Dataset excerpts

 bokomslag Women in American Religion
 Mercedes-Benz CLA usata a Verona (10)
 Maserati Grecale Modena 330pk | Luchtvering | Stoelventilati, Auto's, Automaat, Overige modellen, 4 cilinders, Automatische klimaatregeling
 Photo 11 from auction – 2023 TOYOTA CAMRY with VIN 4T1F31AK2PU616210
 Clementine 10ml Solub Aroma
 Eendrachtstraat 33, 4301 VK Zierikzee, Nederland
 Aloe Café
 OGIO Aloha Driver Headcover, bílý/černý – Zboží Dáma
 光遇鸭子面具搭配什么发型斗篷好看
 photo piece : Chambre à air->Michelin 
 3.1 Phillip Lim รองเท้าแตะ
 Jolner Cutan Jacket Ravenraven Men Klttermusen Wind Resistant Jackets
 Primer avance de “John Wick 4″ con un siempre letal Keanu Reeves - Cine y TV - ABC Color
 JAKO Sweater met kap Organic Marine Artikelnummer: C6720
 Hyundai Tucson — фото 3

▶ _Work instructions_
The range runs from the line above containing "Photo 11 from" to the line containing "3.1 Phillip Lim รองเท้าแตะ", inclusive. Restate those lines word for word and no others.

▶ _Result of the task_
 Photo 11 from auction – 2023 TOYOTA CAMRY with VIN 4T1F31AK2PU616210
 Clementine 10ml Solub Aroma
 Eendrachtstraat 33, 4301 VK Zierikzee, Nederland
 Aloe Café
 OGIO Aloha Driver Headcover, bílý/černý – Zboží Dáma
 光遇鸭子面具搭配什么发型斗篷好看
 photo piece : Chambre à air->Michelin 
 3.1 Phillip Lim รองเท้าแตะ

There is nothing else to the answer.